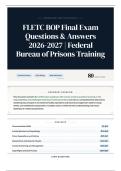 FLETC BOP Final Exam Questions & Answers 2026-2027 Federal Bureau of Prisons Training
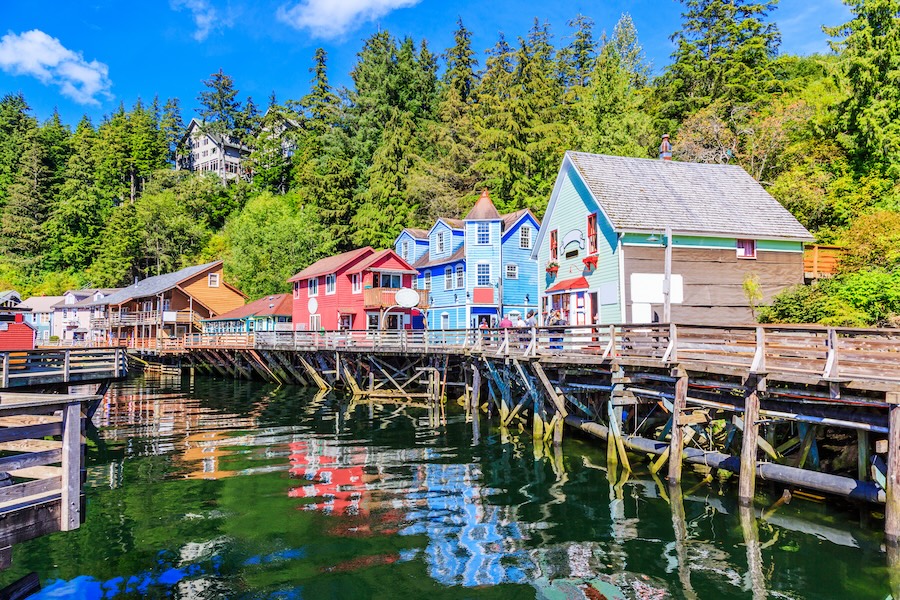 Small huts along the coastline in Ketchikan, Alaska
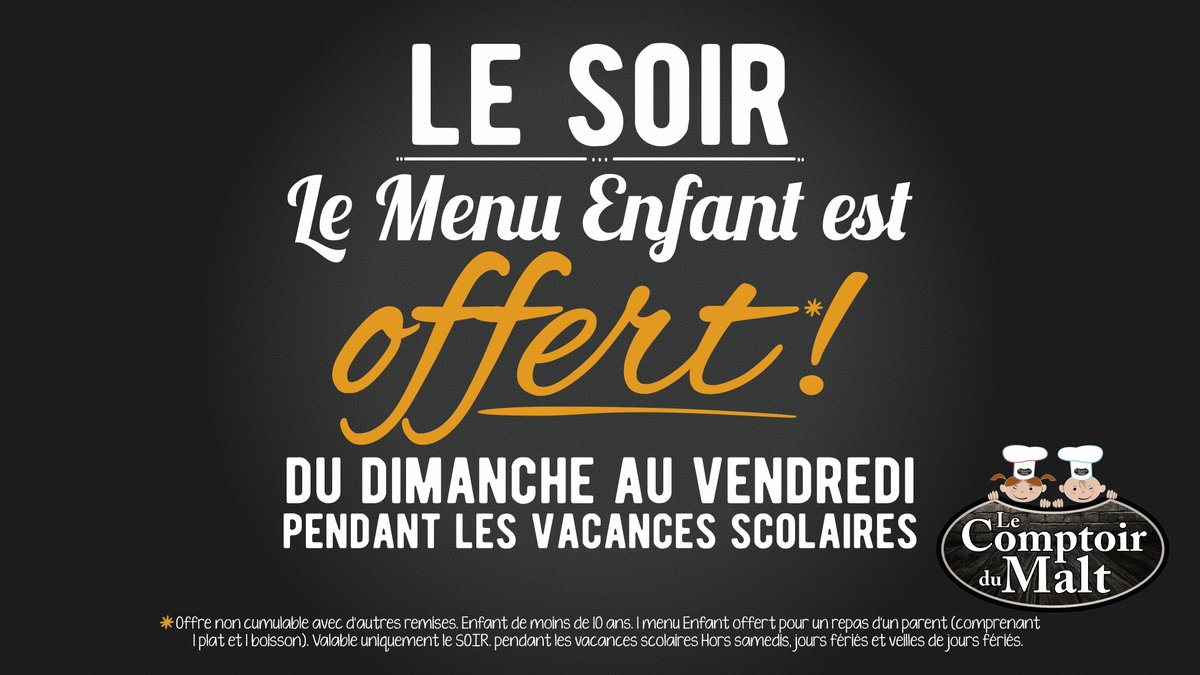 #MardiConseil Le soir des vacances scolaires, le menu enfant est #OFFERT* !

*1 menu enfant offert pour le repas d'un parent (comprenant 1 plat et 1 boisson). Valable uniquement le soir, hors samedi.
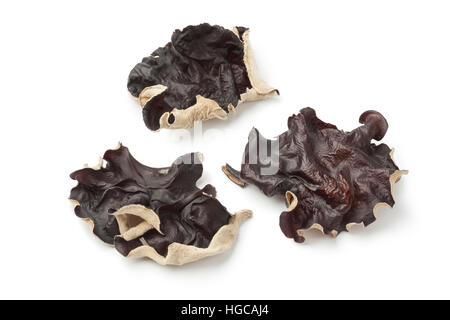 Essiccato jelly orecchio funghi su sfondo bianco Foto Stock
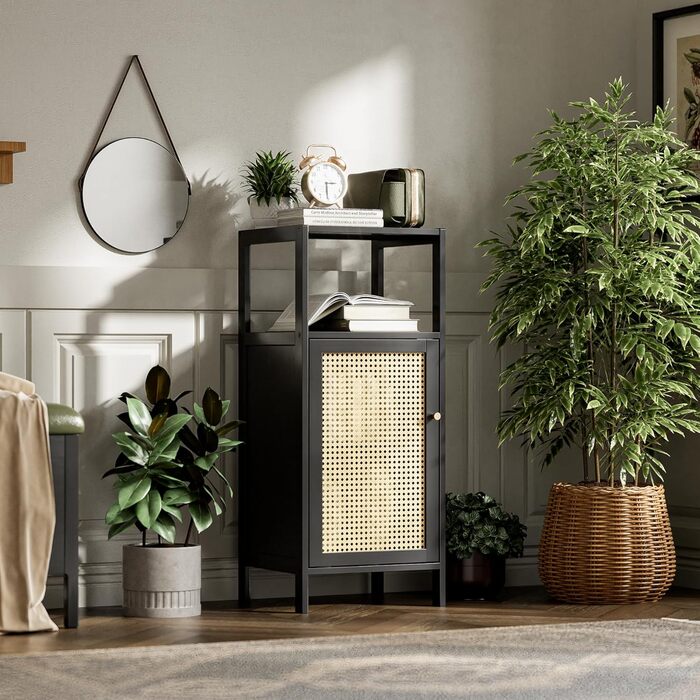 Бамбукова підлогова шафа з ротангом, невелика шафа для зберігання речей у ванній кімнаті з 1 дверцятами та 1 полицею, компактна дерев&39яна кухонна шафа, журнальний столик у передпокій, окремостояча тумба для вітальні (чорна)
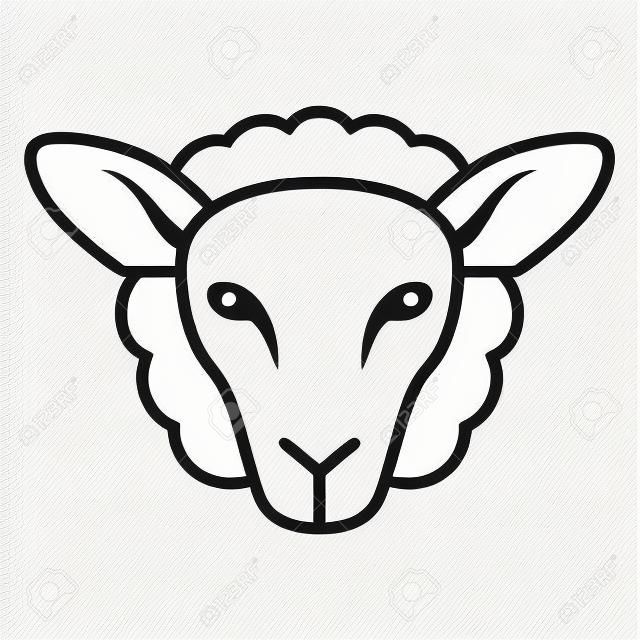 Sheep head thin line icon, Farm animals concept, lamb sign on white background, silhouette of sheep face icon in outline style for mobile concept and web design. Vector graphics.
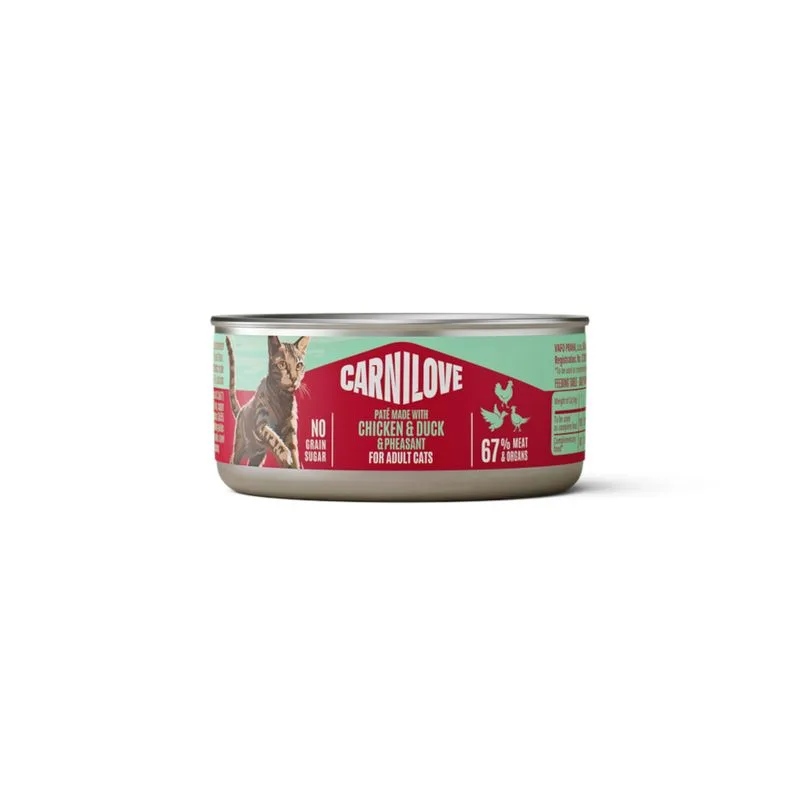 Carnilove Cat Paté 24 x 100 g (Pollo, Anatra & Fagiano)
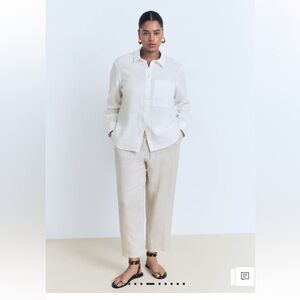 NWOT MNG Mango 💯% Linen Long Sleeve Button Up Blouse Off White Size XL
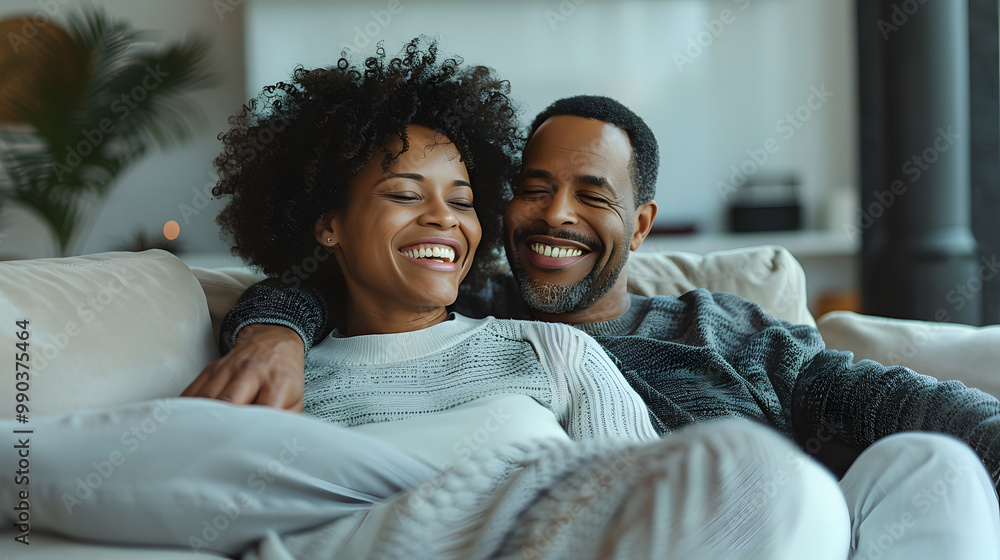 Happy laughing middle aged couple bonding while relaxing sitting on sofa Happy laughing middle aged couple bonding while relaxing sitting on sofa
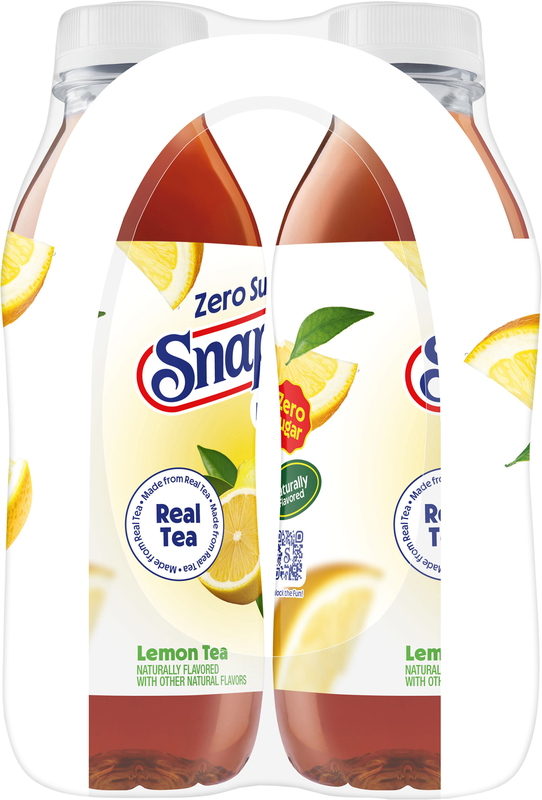 Snapple Zero Sugar Lemon Tea, 16 fl oz recycled plastic bottle, 6
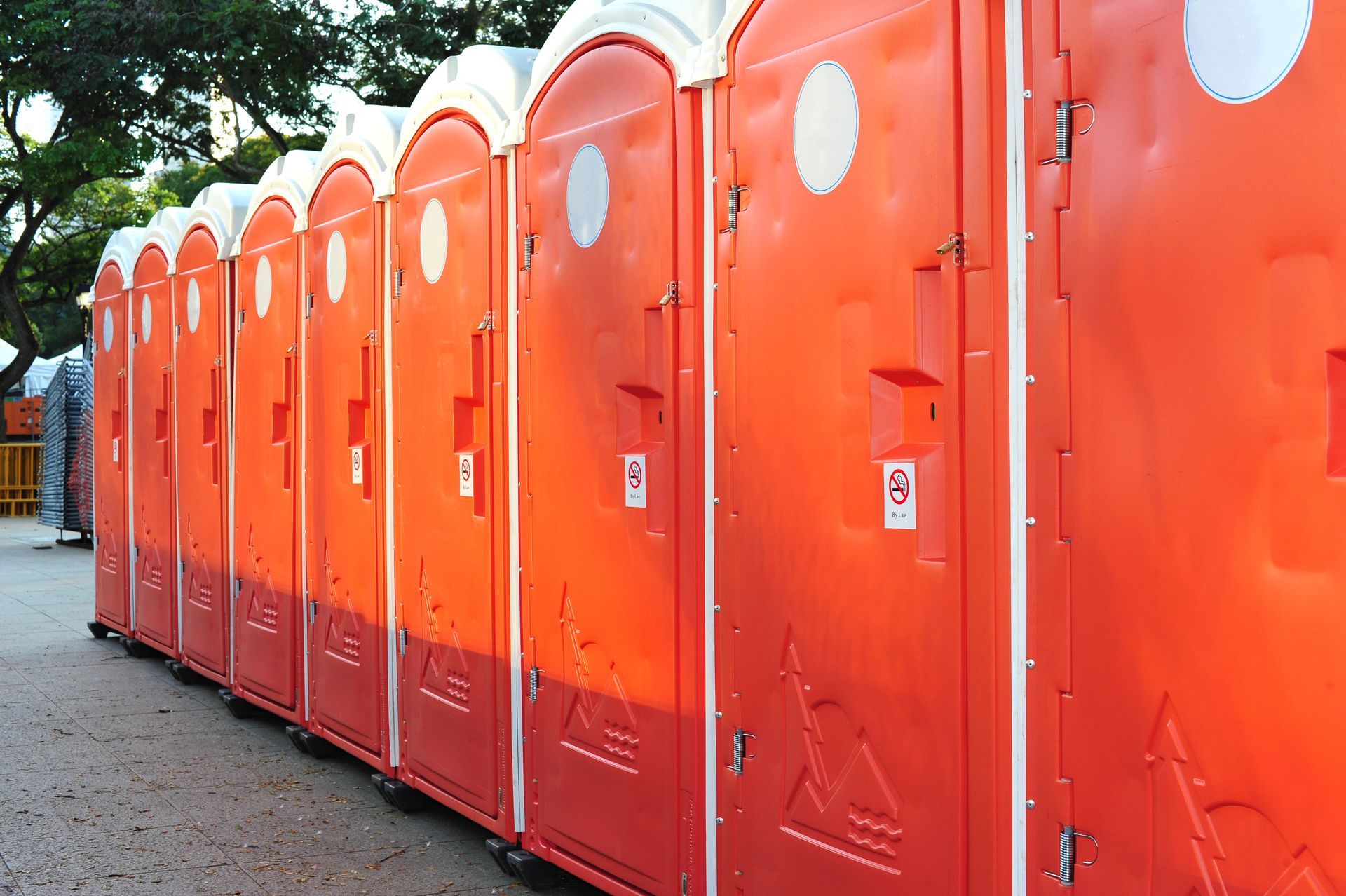 A line of porta potties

##############################

> [Exercise]:
Transcribe each entry exactly; images stay out.

> [Output for this task]:
 FLETC BOP Final Exam Questions & Answers 2026-2027 Federal Bureau of Prisons Training
 Small huts along the coastline in Ketchikan, Alaska
 #MardiConseil Le soir des vacances scolaires, le menu enfant est #OFFERT* !

*1 menu enfant offert pour le repas d'un parent (comprenant 1 plat et 1 boisson). Valable uniquement le soir, hors samedi.
 Essiccato jelly orecchio funghi su sfondo bianco Foto Stock
 Бамбукова підлогова шафа з ротангом, невелика шафа для зберігання речей у ванній кімнаті з 1 дверцятами та 1 полицею, компактна дерев&39яна кухонна шафа, журнальний столик у передпокій, окремостояча тумба для вітальні (чорна)
 Sheep head thin line icon, Farm animals concept, lamb sign on white background, silhouette of sheep face icon in outline style for mobile concept and web design. Vector graphics.
 Carnilove Cat Paté 24 x 100 g (Pollo, Anatra & Fagiano)
 NWOT MNG Mango 💯% Linen Long Sleeve Button Up Blouse Off White Size XL
 Happy laughing middle aged couple bonding while relaxing sitting on sofa Happy laughing middle aged couple bonding while relaxing sitting on sofa
 Snapple Zero Sugar Lemon Tea, 16 fl oz recycled plastic bottle, 6
 A line of porta potties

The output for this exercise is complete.